Regional mit Brief und Siegel

Regional ist das neue Bio, lautet ein Marketing-­Bonmot. Um es mit Leben zu füllen, steht Energie­versorgern seit Jahresbeginn ein neues Instrument zur Verfügung: Regionalnachweise für Strom aus EEG-Anlagen, ausgestellt vom Umweltbundesamt. Im kleinen Marktsegment für regionale Ökostrom­tarife etablieren sie erstmals klare Standards.

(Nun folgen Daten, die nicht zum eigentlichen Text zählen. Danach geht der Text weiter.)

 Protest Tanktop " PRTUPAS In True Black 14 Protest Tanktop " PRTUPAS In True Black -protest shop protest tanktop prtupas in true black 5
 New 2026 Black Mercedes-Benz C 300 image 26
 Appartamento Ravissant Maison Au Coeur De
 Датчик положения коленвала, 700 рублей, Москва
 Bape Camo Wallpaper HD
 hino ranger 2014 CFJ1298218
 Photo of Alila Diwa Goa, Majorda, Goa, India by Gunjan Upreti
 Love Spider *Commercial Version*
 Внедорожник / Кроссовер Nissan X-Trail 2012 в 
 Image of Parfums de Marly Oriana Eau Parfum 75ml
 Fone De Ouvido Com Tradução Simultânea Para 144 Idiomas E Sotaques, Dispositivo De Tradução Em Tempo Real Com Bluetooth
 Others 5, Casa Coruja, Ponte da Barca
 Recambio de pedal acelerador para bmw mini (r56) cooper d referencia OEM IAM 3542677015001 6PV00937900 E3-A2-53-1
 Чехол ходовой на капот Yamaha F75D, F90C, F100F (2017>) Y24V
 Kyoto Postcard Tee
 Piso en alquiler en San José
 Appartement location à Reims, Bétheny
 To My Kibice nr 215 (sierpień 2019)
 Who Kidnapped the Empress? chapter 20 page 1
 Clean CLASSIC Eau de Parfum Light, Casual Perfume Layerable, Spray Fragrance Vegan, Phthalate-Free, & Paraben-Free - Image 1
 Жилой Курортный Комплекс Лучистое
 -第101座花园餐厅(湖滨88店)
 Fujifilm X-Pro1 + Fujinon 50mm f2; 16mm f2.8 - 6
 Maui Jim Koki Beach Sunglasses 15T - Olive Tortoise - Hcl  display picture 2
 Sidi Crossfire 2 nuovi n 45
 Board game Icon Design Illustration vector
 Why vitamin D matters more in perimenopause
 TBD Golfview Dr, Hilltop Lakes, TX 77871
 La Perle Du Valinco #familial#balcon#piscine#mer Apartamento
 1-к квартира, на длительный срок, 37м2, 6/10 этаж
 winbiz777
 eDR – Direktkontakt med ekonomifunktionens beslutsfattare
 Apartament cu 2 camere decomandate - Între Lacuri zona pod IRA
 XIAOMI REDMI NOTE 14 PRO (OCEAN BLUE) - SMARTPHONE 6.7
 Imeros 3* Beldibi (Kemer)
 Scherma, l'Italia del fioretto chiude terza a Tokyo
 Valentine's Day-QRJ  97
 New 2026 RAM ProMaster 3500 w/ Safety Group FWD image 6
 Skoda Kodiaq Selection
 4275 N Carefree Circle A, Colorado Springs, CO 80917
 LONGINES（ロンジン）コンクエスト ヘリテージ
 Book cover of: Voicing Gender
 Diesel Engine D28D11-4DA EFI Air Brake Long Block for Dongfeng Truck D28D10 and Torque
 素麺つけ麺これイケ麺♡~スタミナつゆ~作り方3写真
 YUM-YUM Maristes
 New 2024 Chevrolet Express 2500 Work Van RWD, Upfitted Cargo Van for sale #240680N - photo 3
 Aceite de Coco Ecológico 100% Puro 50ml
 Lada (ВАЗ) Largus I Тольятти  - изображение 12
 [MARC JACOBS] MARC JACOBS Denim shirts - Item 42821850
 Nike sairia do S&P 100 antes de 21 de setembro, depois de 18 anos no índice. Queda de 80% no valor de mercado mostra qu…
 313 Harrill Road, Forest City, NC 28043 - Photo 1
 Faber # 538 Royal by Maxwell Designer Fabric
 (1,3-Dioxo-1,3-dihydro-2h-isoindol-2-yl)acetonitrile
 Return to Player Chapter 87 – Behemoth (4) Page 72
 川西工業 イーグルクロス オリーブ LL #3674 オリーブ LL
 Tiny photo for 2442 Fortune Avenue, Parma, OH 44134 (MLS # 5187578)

Seit einigen Jahren schon sehen Ökostrom­anbieter und Bürgerenergiegesellschaften, aber auch Projektentwickler, Stadtwerke und Regionalversorger einen Markt für Stromprodukte, die als dezidiert regional beworben werden können. Erstens bieten solche Tarife die Chance, die hohe Akzeptanz für die erneuerbaren Energien zu erhalten. Das macht sie besonders im Kontext neuer Wind- oder Solarparkprojekte attraktiv: Günstiger Strom „vom Windrad nebenan“ ist ein sehr niederschwelliges Angebot für Anwohner neuer Ökostromanlagen. Und zweitens adressieren Regionaltarife die emotionale Bindung des Kunden an seinen Wohnort – eine Verbundenheit, die auf die Kundenbeziehung zum lokalen Versorger abfärben soll.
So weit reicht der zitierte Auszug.